(Beginning of Extracted material)
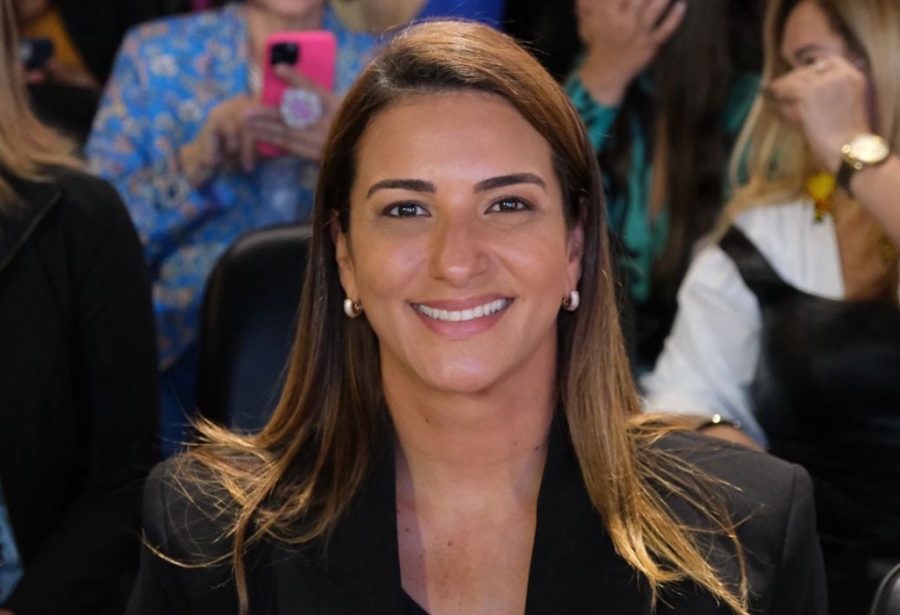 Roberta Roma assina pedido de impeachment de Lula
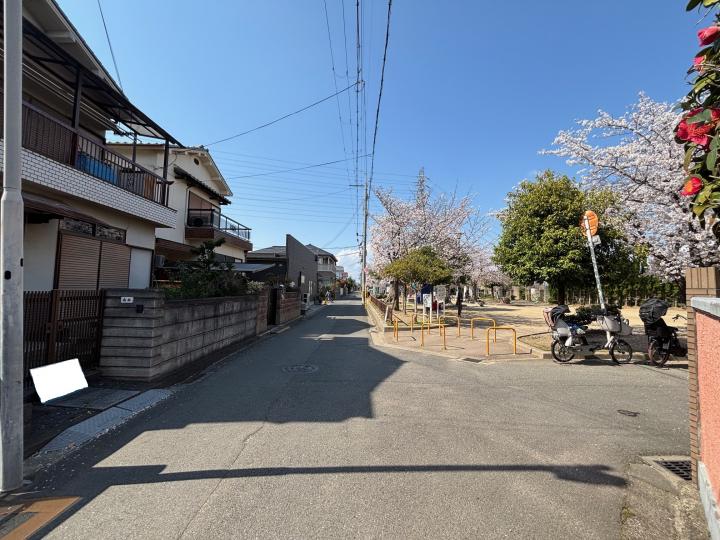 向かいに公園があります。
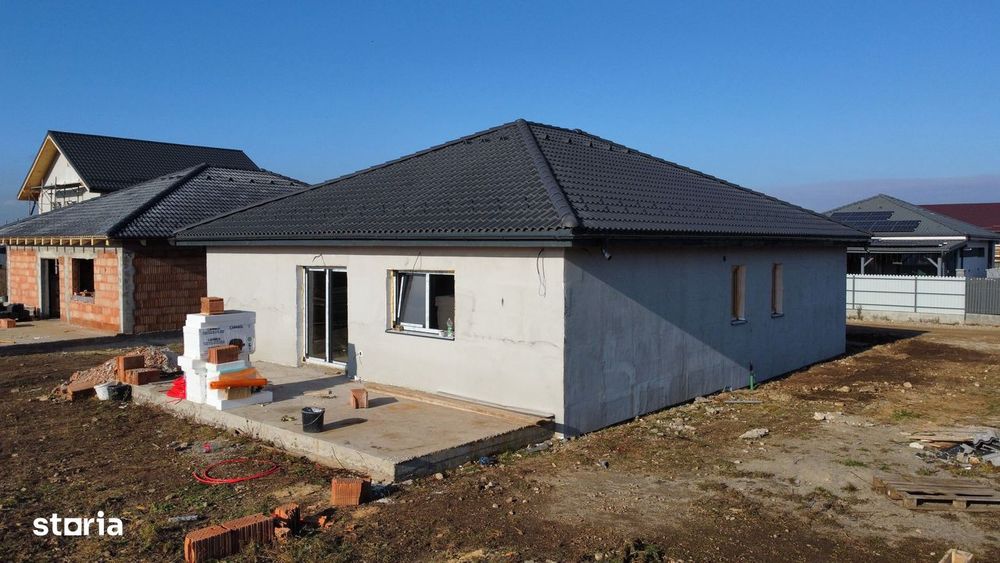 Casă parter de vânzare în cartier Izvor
(End of Extracted material)
(Beginning of Extracted material)
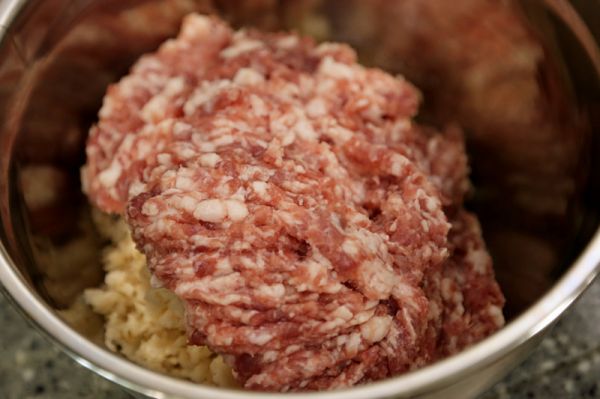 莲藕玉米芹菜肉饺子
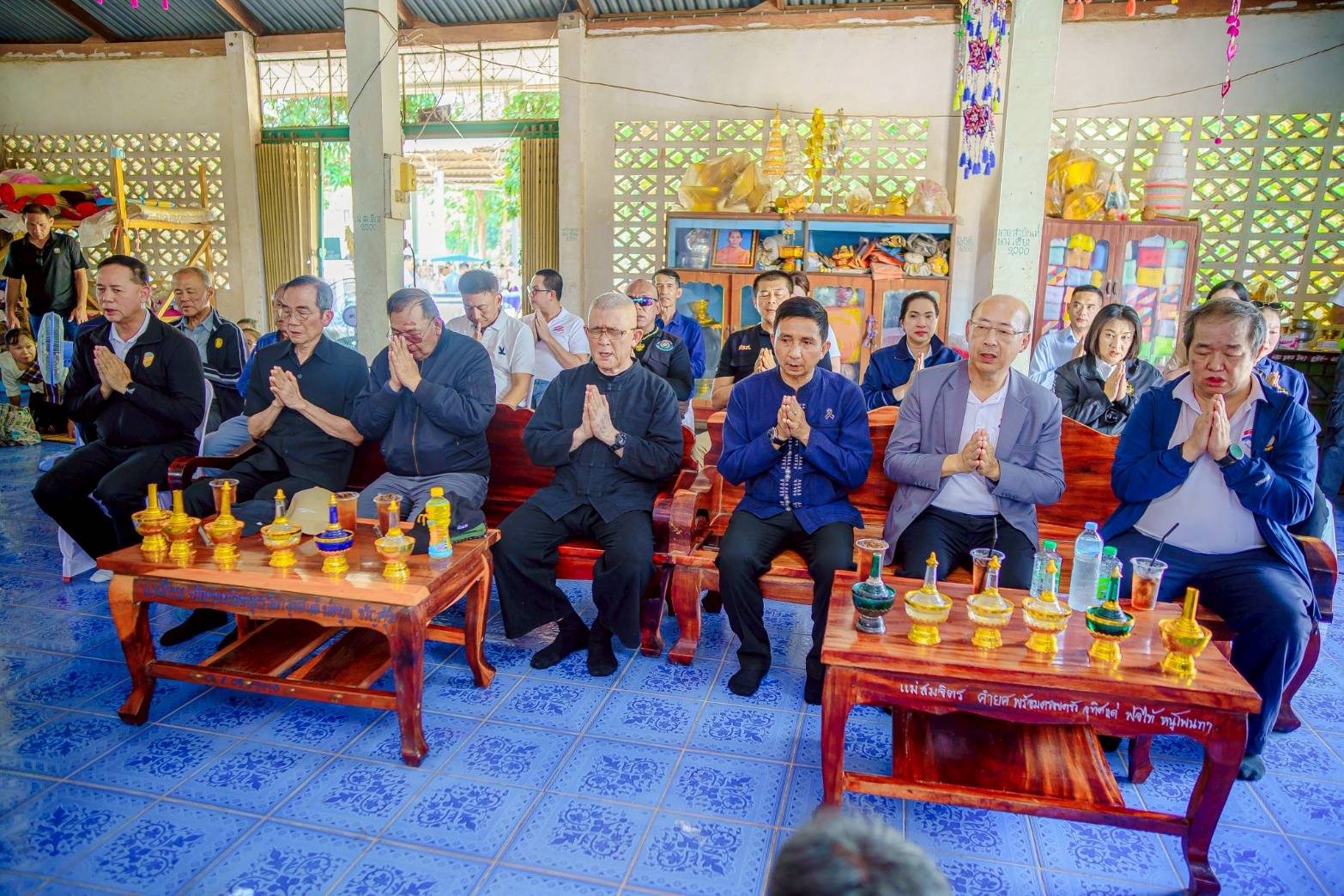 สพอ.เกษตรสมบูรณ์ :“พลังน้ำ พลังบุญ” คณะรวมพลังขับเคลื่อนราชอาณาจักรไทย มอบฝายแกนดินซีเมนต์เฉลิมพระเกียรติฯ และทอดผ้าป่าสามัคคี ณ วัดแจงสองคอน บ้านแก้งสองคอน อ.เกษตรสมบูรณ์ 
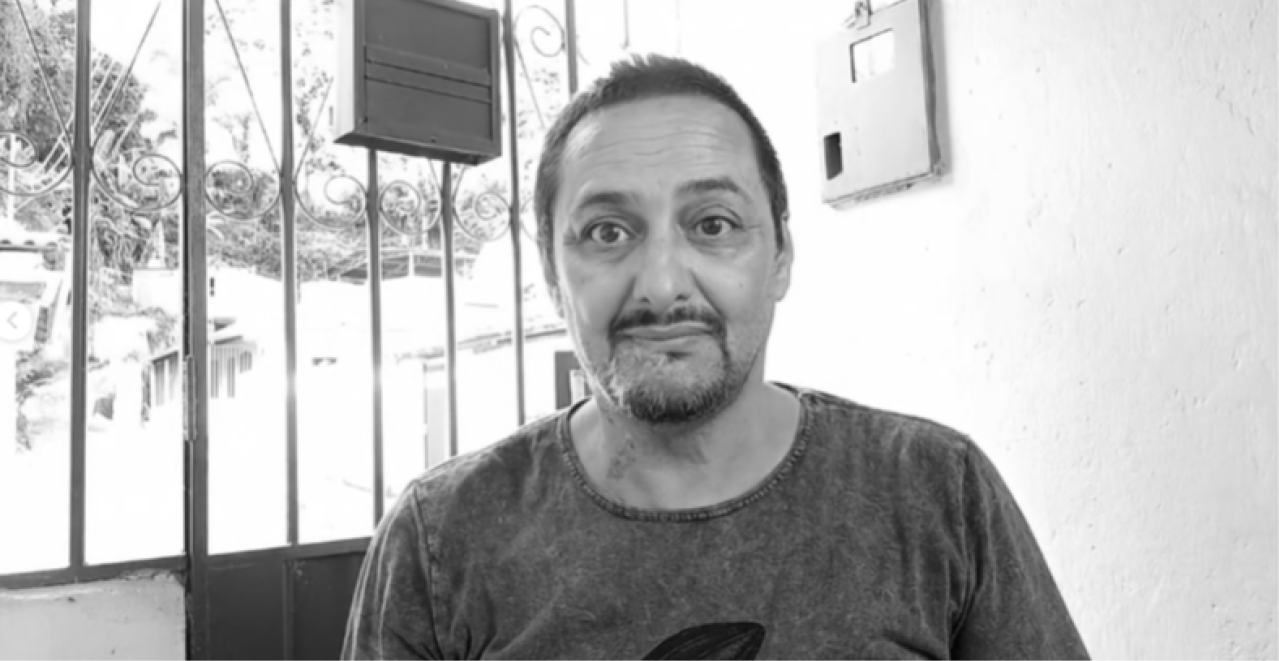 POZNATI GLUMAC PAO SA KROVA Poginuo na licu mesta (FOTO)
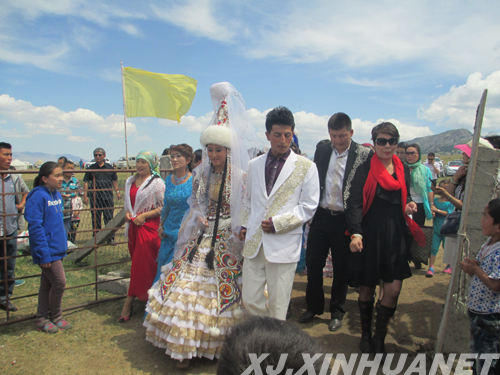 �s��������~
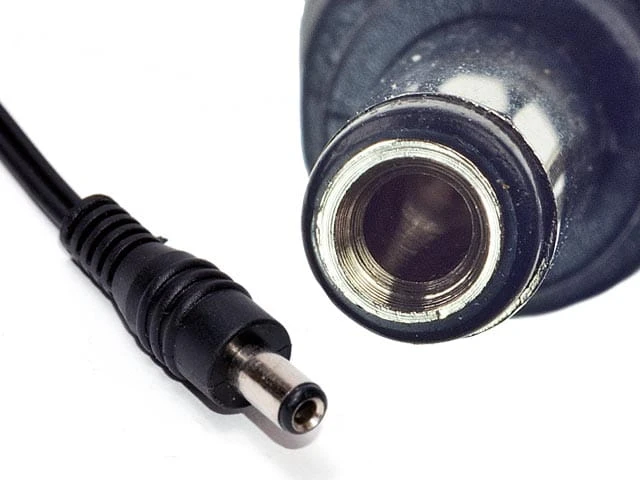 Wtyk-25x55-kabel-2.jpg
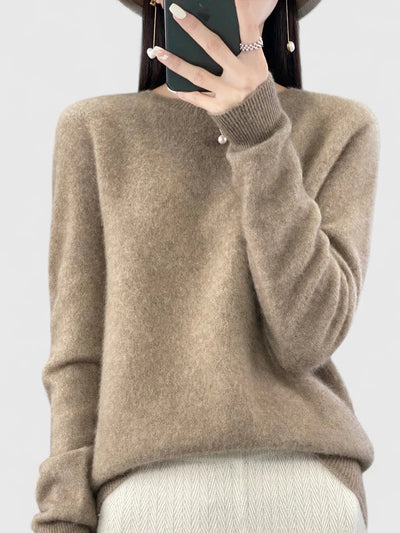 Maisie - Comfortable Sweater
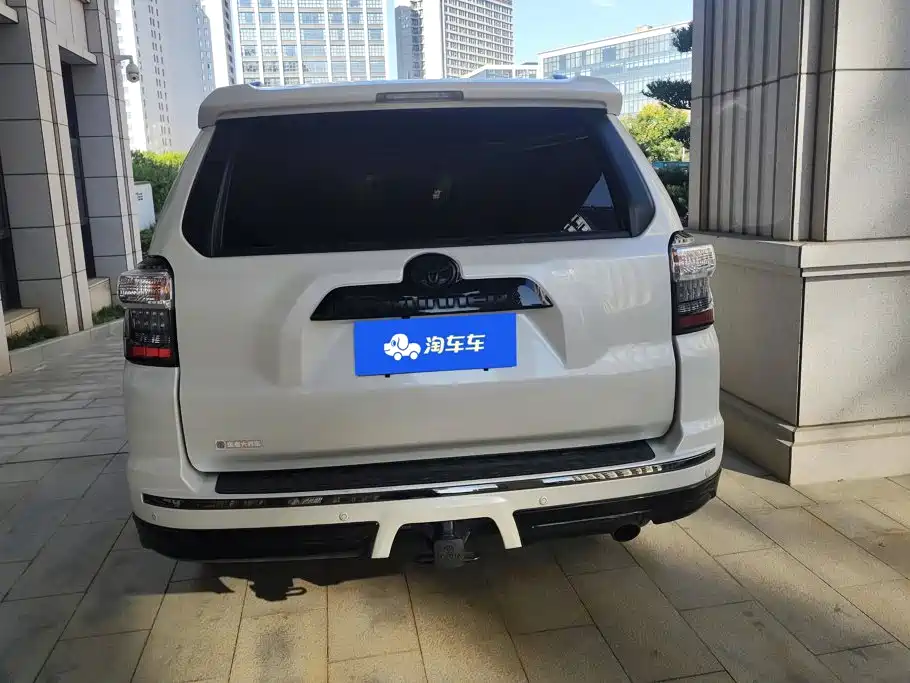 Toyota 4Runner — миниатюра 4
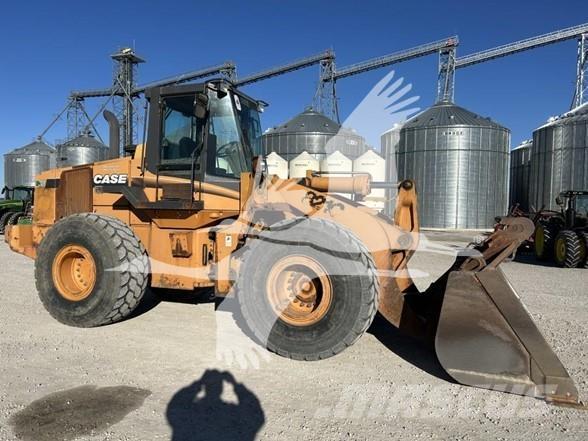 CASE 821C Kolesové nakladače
(End of Extracted material)
Prompt. Using the entries above, repeat exactly the lines from the one with "向かいに公園があります。" to the one with "Casă parter de vânzare în cartier Izvor", both included, and leave the pictures behind.

Result of this exercise.
 向かいに公園があります。
 Casă parter de vânzare în cartier Izvor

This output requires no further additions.